Fed Toolkit, Meet Angkor Rice
Posted by: Tom Keene on October 17, 2010
Valles Marineris Wide
There is risk, uncertainty and ambiguity. Click on each link for some background, but the present-ground is simple: No one has a clue. The polarity between say, Ethan Harris of Bank of America/Merrill Lynch (BoAML? BOAML? BAML? Save us, can it just be BoA or ML? I’ll even go with MLPF&S) … Where was I? Yes, Ethan Harris and James Grant of Grant’s Interest Rate Observer aren’t just Grand Canyon wide. No, they’re 6.2 miles deep and apart ~2,500 miles. They’re Valles Marineris wide.
James suggests QE2 is printing money. Ethan suggests confidence that a central bank can remove the E in QE2. I hereby look down the road to QR1 (Quantitative Restriction 1).
QE2 Chartapalooza
Nominal Spirits

GDP CUR$ INDEX GP: This chart is everywhere. I first saw it with Olivier Blanchard at AEA. I used it with Ethan Harris and Steven Englander of CitiFX on Friday on Surveillance Midday (shameless plug). Neil Irwin does a wonderful treatment at the Washington Post. Check out the Washington Post/Bloomberg combined business section.
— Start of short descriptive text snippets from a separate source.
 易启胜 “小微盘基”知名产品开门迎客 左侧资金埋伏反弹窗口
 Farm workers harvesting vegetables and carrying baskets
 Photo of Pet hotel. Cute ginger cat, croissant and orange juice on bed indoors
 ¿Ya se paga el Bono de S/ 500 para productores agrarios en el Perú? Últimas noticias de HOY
The nation’s economy had a persistent glide path that has been…interrupted. We are back to new highs in inflation-included GDP but that empty feeling is the gap from the glide path (about a trillion USD, the red line). Call it a search for nominal spirit (Todd E. Clark is very good,).
Pesek Moves the GDP Needle

SGD CRNCY GP Q ROLL: Here is Singapore Dollar to new strength against the USD. Beijing did not blink; Singapore did and you can see below the linkage this week of USD-SGD and USD-CNY. Let’s have a moment of silence for Bloomberg columnist William Pesek who moved the needle on Singapore GDP, here.
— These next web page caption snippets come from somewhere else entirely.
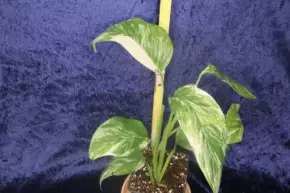 Monstera lechleriana variegata - vrcholový řízek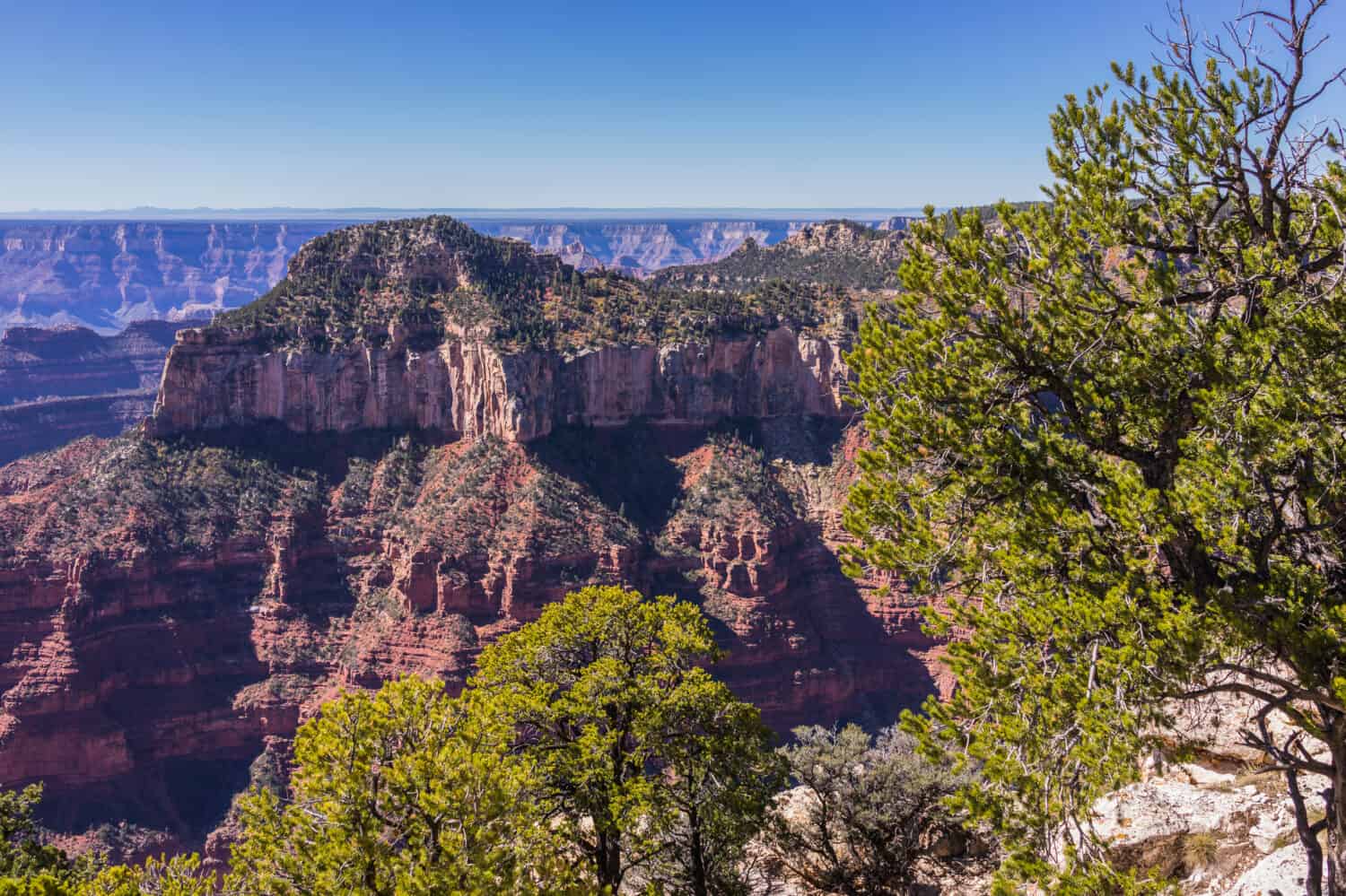 The 10 Most Incredible Discoveries Ever Unearthed in the Grand Canyon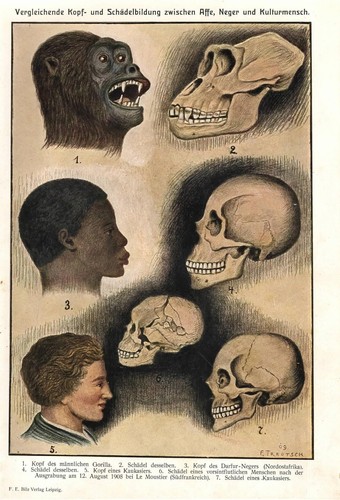 Stampa antica antropologia - antica,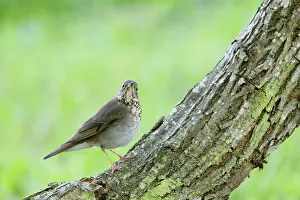 Minima: Grey-cheeked Thrush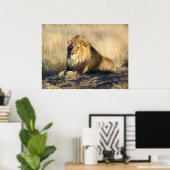 Poster van Mannelijke Lion (Thuiskantoor)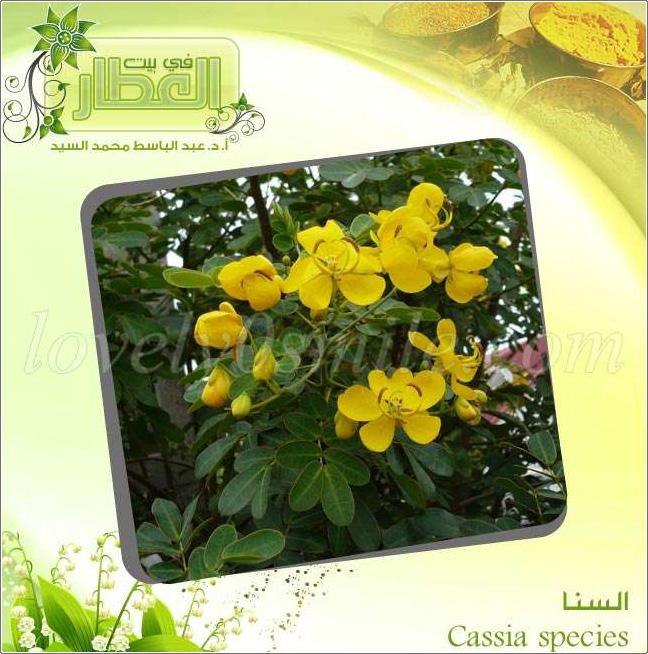   - Cassia species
Singapore Leads; Beijing Follows

USD-SGD CRNCY GIP (yellow); USD-CNY CRNCY GIP (red): Note the plunge of Singapore strength as they widened their managed band.
QE2’s Fourth-Round Effect

.ADJRIRR INDEX GP Q ROLL: There is an action or event. A Newtonian first thing. Then there are knock-on effects. Used interchangeably are second-order or second-round…you get the idea. Here is something to watch.
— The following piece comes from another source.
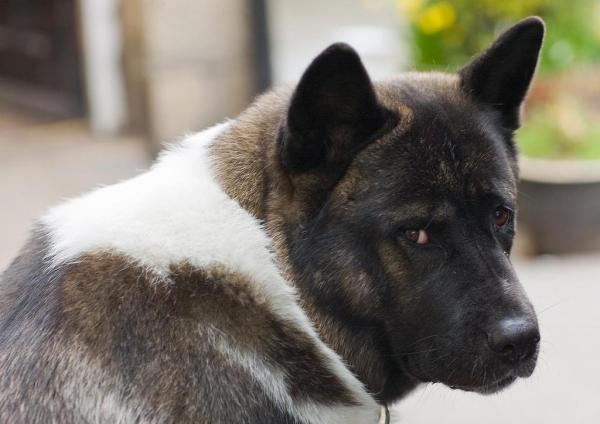 ¿Cuánta comida debe comer un Akita americano? - Suplementos nutricionales para un Akita americano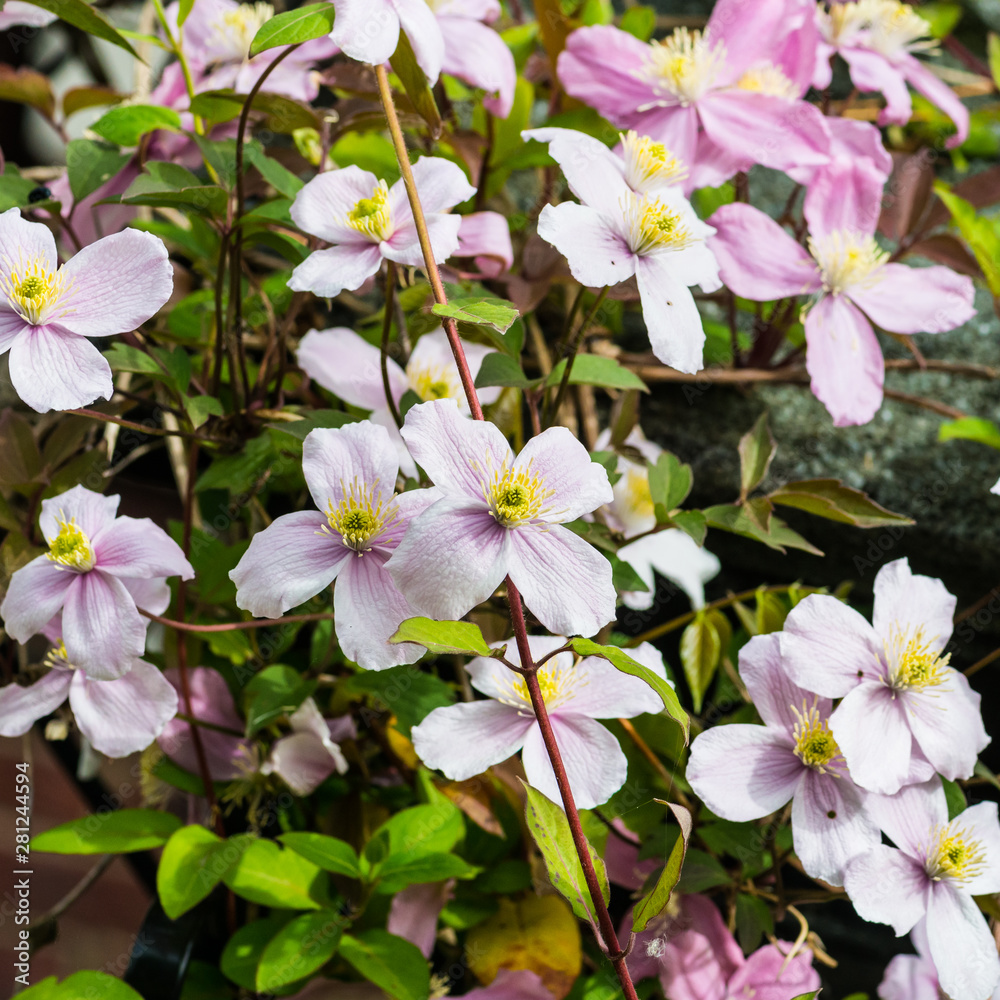 Fototapeta premium Clematis Montana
The developed nations cannot QE in a vacuum. We have seen immediate adjustment (currencies, commodities, equities, etc.). But what about less-mediate adjustment? Here is Chicago Rough Rice adjusted for inflation and set in today’s dollars. It’s essentially real rice, except America (and the assembled in The Eccles Building) doesn’t care about rice. Others do.
We’re out one deviation after the near-4 deviation move of a few years back. Note the gift of cheap rice 2000 - 2006. And, oil hasn’t moved…yet. Is the ultimate outcome of Grantian or Harrisian QE2 a sustained higher rice price for say, Cambodia? Fed Toolkit, meet Angkor Rice.
Discuss.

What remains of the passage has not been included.